> **Image-text web data**
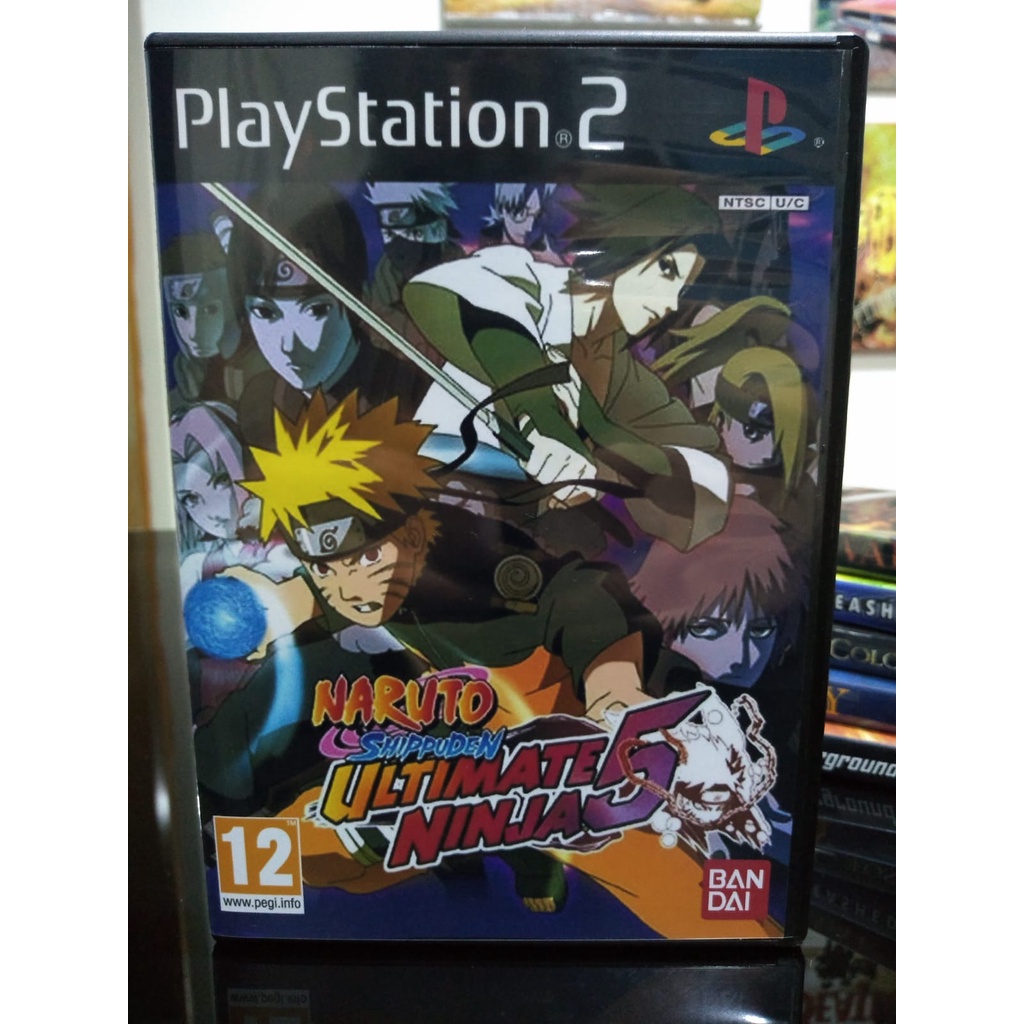 Naruto Shippuden Ultimate Ninja 5 PS2 REPRO Perfeito - Escorrega o Preço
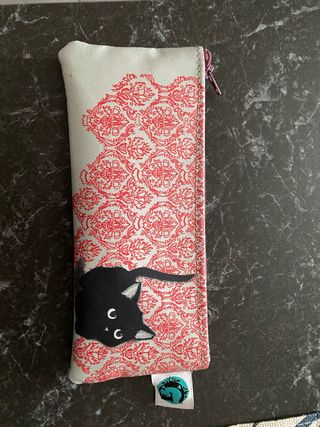 Pochette / Astuccio Gatto Nero Rosso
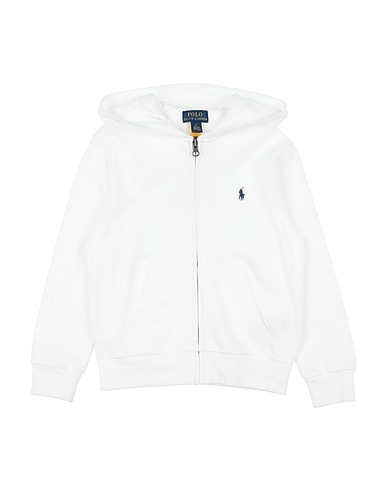 POLO RALPH LAUREN Sweatshirt Spa Terry Full-Zip Hoodie
 White 100% Cotton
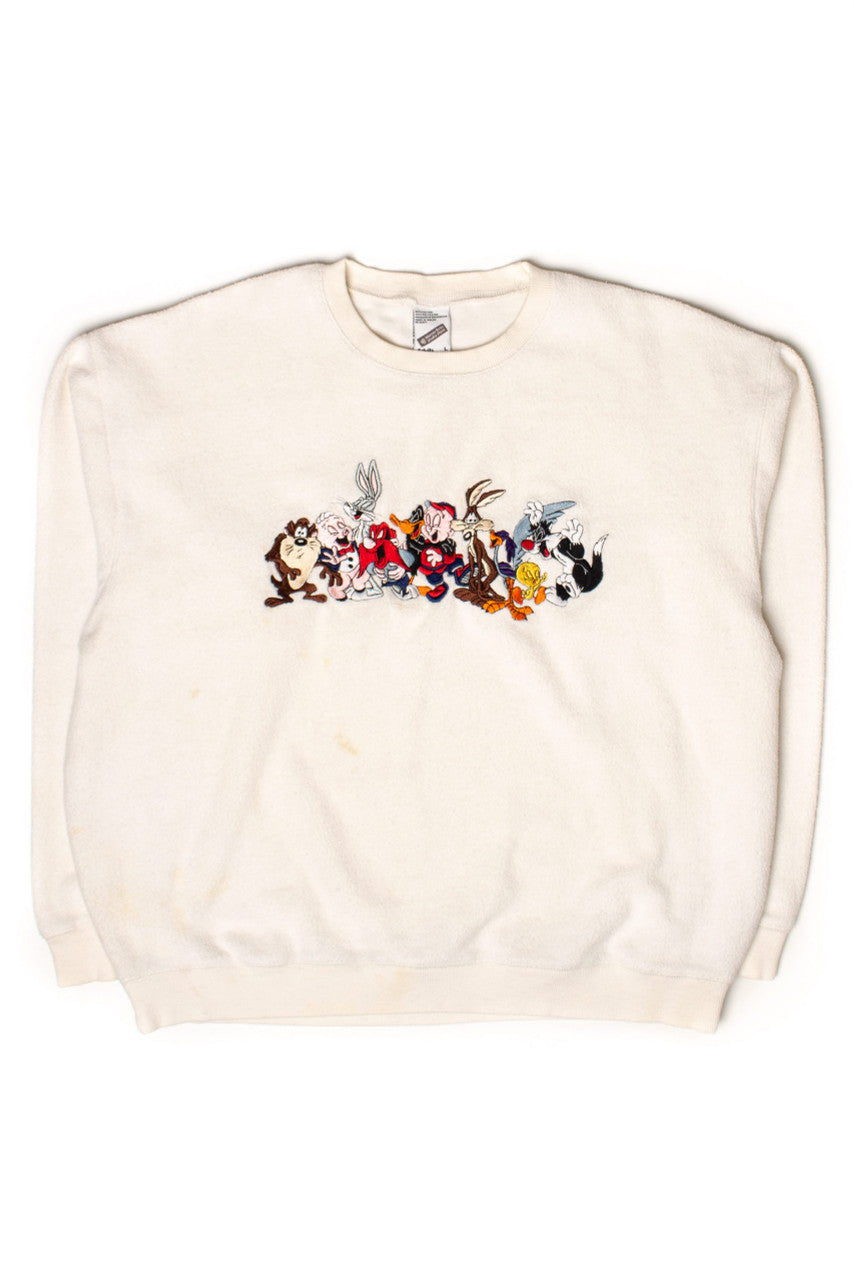 Vintage Looney Tunes Fleece Sweatshirt (1990s)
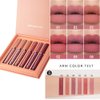 Ailigeus 6Pcs Matte Lipstick Set, Matte liquid Long Lasting Wear Non-Stick Cup, Nude Waterproof Lip Gloss Makeup Kit for Girls Women, Make Up Gift Set. (Set B, 6PCS)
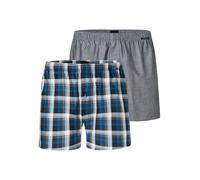 SCHIESSER Boxer blu / nero / bianco Uomo SCHIESSER XL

> **WHAT YOU SHOULD DO**
Whatever lies between the first line of the data and the line holding "Vintage Looney Tunes", inclusive, should be repeated exactly, apart from the pictures.

> **RESULT**
 Naruto Shippuden Ultimate Ninja 5 PS2 REPRO Perfeito - Escorrega o Preço
 Pochette / Astuccio Gatto Nero Rosso
 POLO RALPH LAUREN Sweatshirt Spa Terry Full-Zip Hoodie
 White 100% Cotton
 Vintage Looney Tunes Fleece Sweatshirt (1990s)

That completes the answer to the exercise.